» WHAT TO DO
With the pictures omitted, write out the entries that follow exactly as they stand.

» INPUT DATA
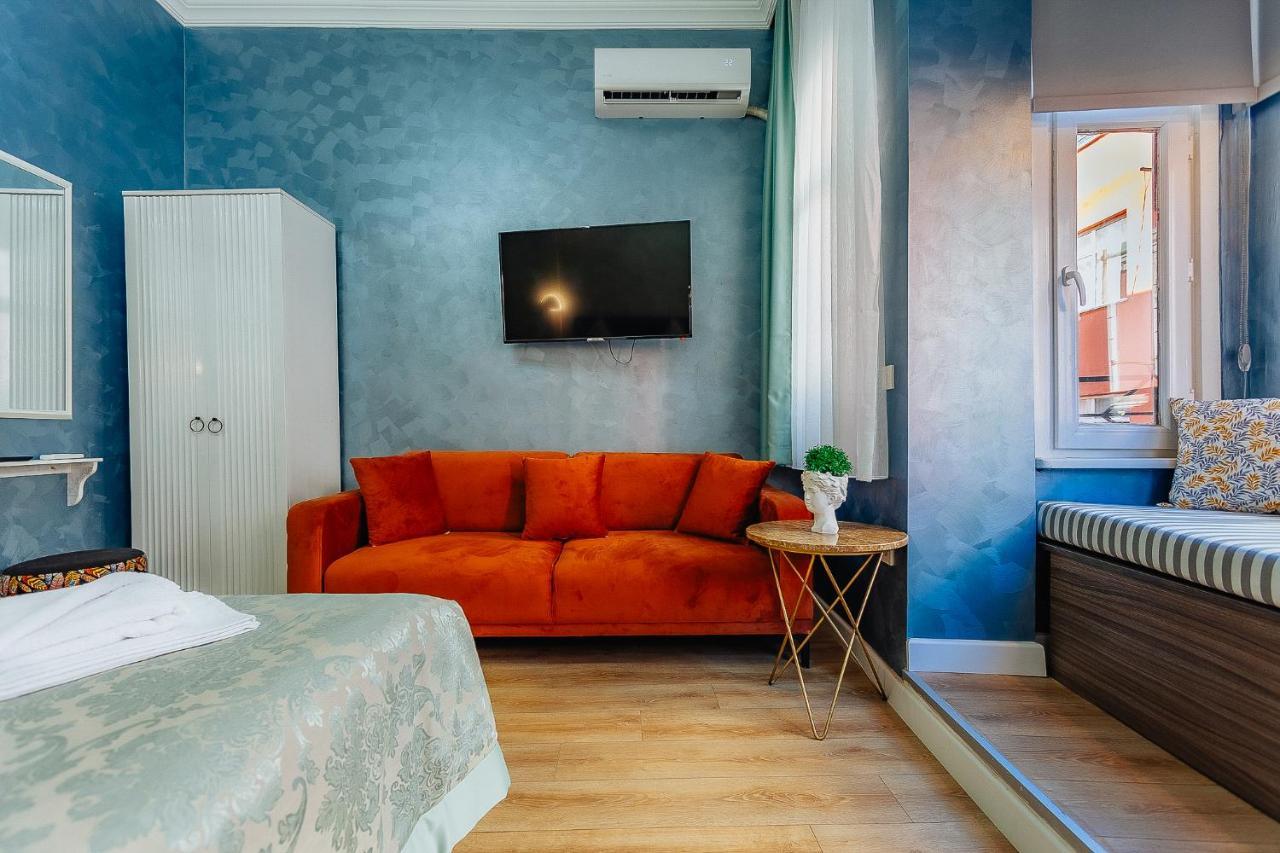 Taksim Bi Center Suites Istanbul Eksteriør billede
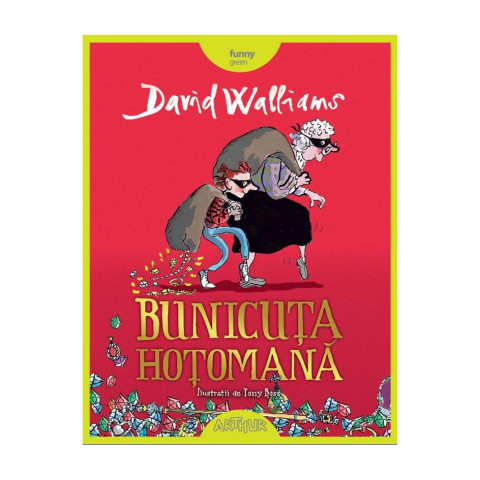 Bunicuţa hoţomană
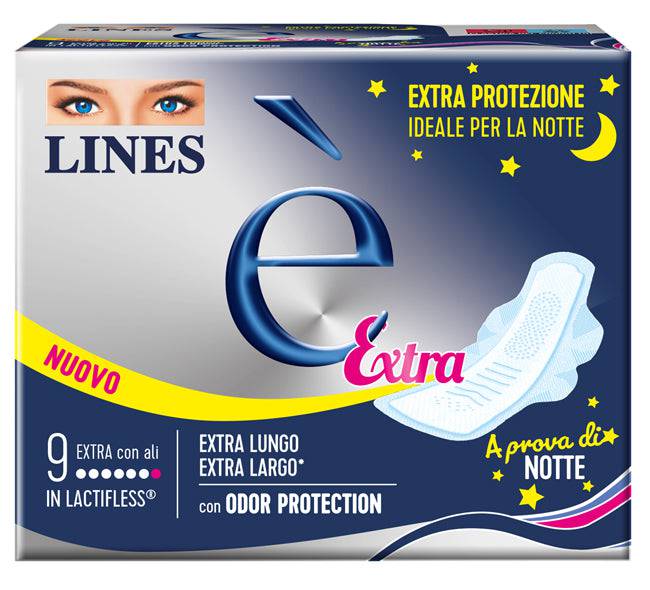 LINES E - Lovesano EXTRA CP 9PZ - Lovesano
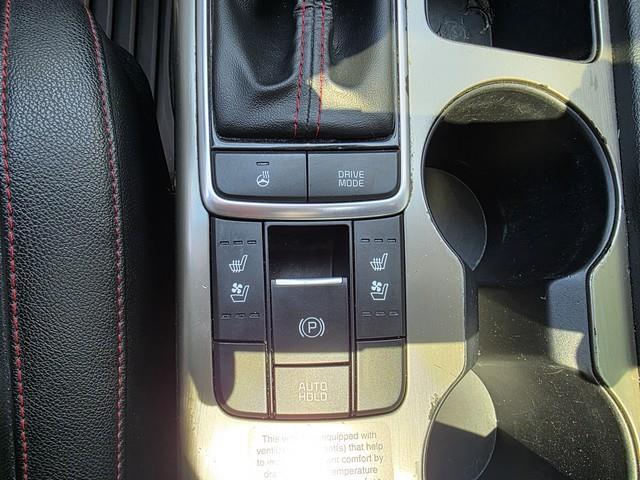 Kia Optima SX Auto 2019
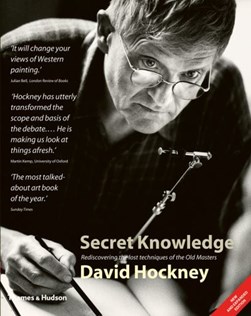 Secret knowledge by David Hockney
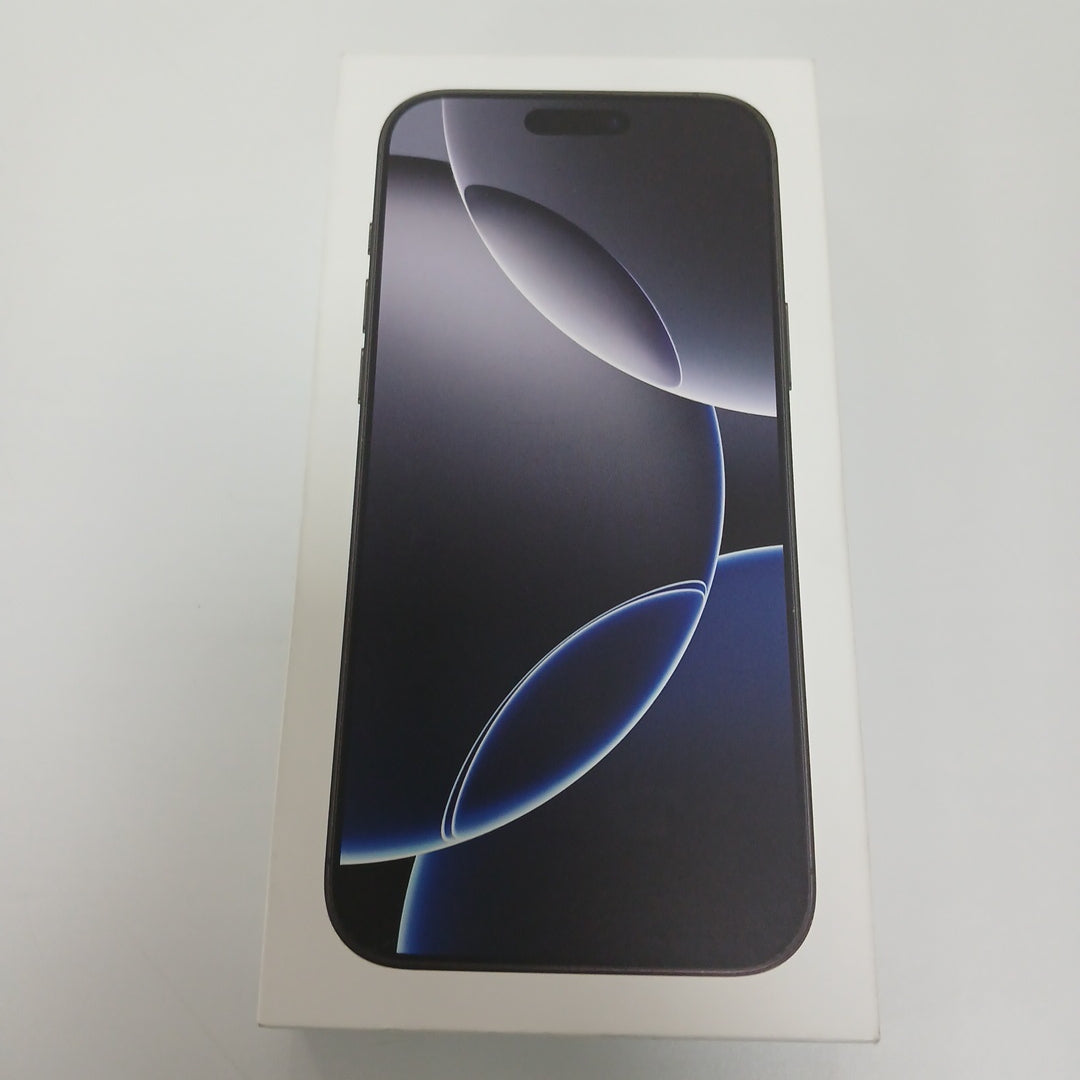 CELULAR APPLE IPHONE 16 PRO MAX A3295 (2024) 512 GB 8 GB RAM (SEMINUEVO)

» REPLY
 Taksim Bi Center Suites Istanbul Eksteriør billede
 Bunicuţa hoţomană
 LINES E - Lovesano EXTRA CP 9PZ - Lovesano
 Kia Optima SX Auto 2019
 Secret knowledge by David Hockney
 CELULAR APPLE IPHONE 16 PRO MAX A3295 (2024) 512 GB 8 GB RAM (SEMINUEVO)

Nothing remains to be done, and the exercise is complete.